To do:
Every line below from the one containing "Office Products Λαστιχάκια" through the one containing "Vishal Prints Pastel" is to be printed exactly, with the pictures omitted.

Listed records:
[Start of Attachment]
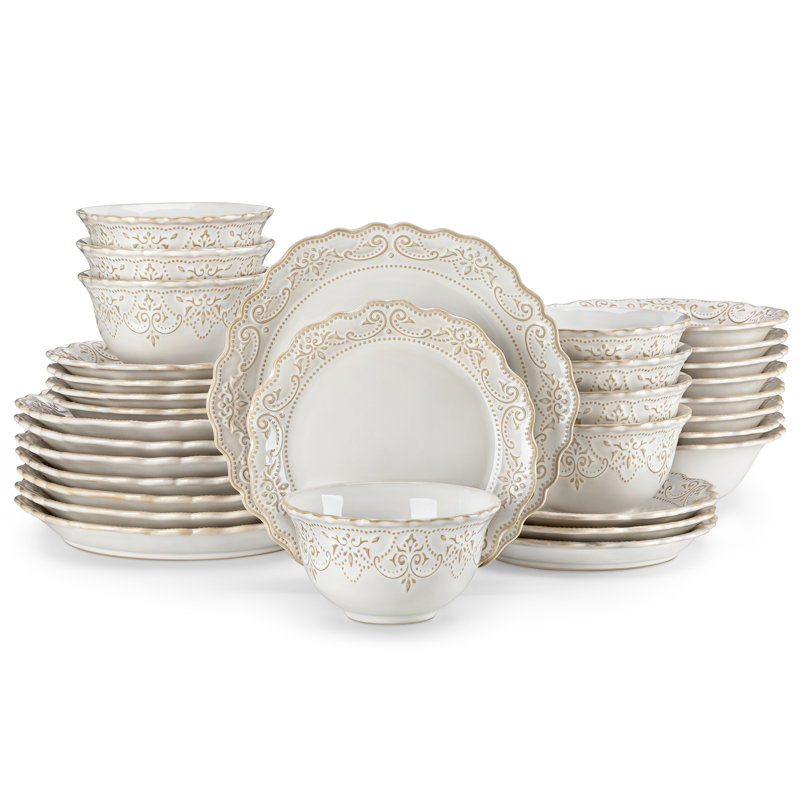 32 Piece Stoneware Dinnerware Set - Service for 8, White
[End of Attachment]
[Start of Attachment]
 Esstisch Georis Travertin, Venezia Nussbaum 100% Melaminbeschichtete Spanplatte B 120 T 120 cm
[End of Attachment]
[Start of Attachment]
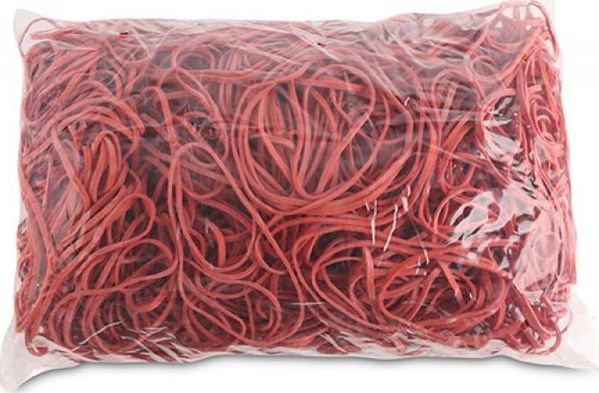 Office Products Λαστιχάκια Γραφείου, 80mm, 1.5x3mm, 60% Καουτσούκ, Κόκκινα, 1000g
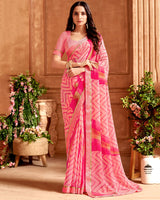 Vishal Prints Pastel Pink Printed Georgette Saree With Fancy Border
[End of Attachment]
Solution to this exercise:
 Office Products Λαστιχάκια Γραφείου, 80mm, 1.5x3mm, 60% Καουτσούκ, Κόκκινα, 1000g
 Vishal Prints Pastel Pink Printed Georgette Saree With Fancy Border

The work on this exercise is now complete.